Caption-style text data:

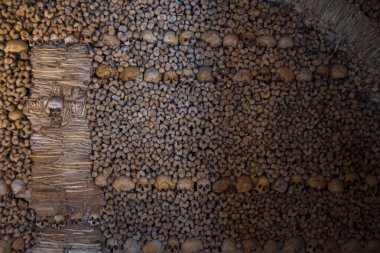 Portekiz 'in Evora şehrinde bulunan Kemik Şapeli' nden kemik ve insan kafatasları duvarı..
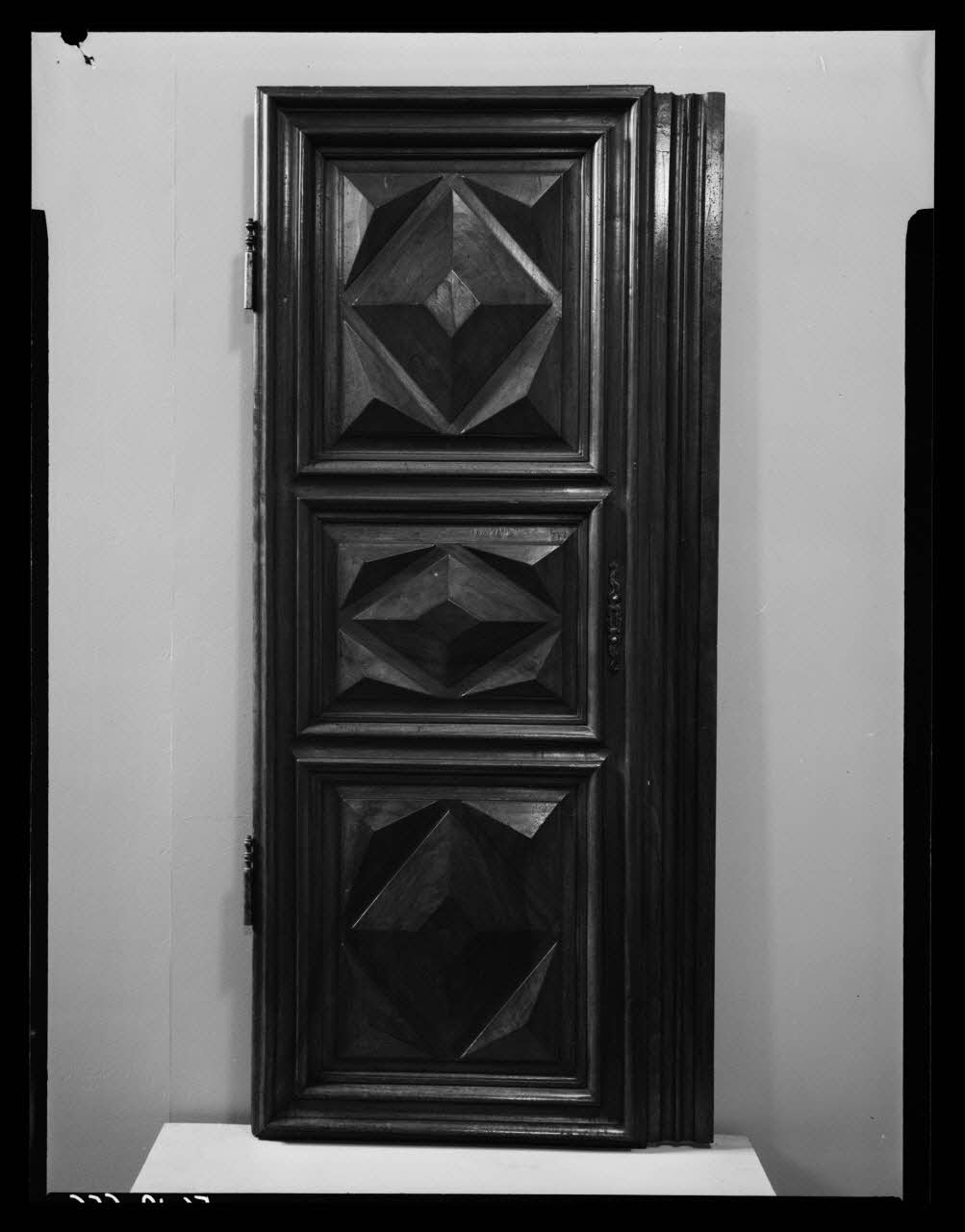 Pierre Soulier photographie MNATP. Exposition. Trésors d’art populaire dans les pays de France (11 mai 1956 - 24 septembre 1956) Ile-de-France, France 1956/3/1 Ph.1956.12.666 Photo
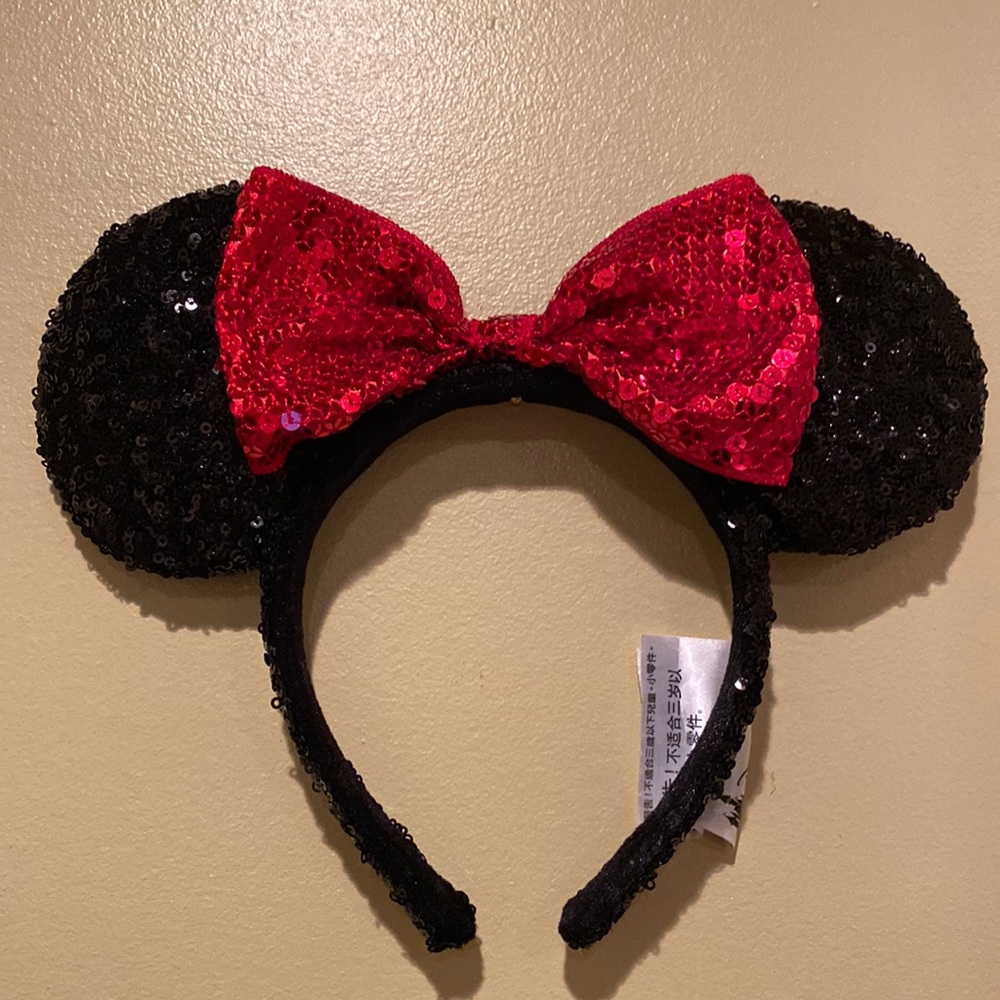 Authentic Minnie Mouse ears black with red bow brand new
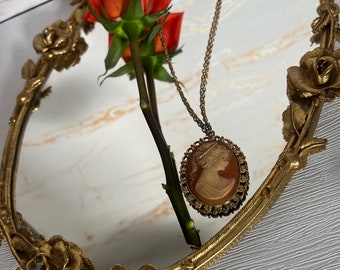 Vintage Cameo hand carved carnelian necklace.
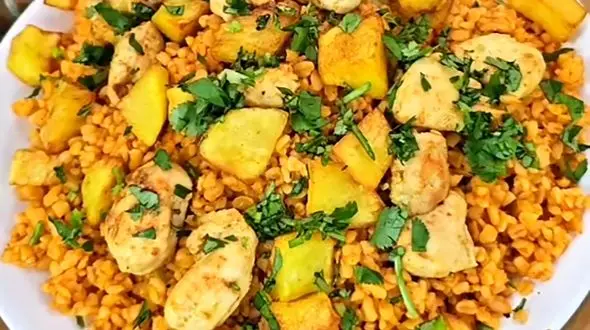 گمنه بوشهری یا پلو بلغور اینطور درست می شود / فیلم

Task to carry out => Retype only the lines from the one with "Authentic Minnie Mouse" through the final line of the entries, please, and keep the pictures out.

Completed task =>
 Authentic Minnie Mouse ears black with red bow brand new
 Vintage Cameo hand carved carnelian necklace.
 گمنه بوشهری یا پلو بلغور اینطور درست می شود / فیلم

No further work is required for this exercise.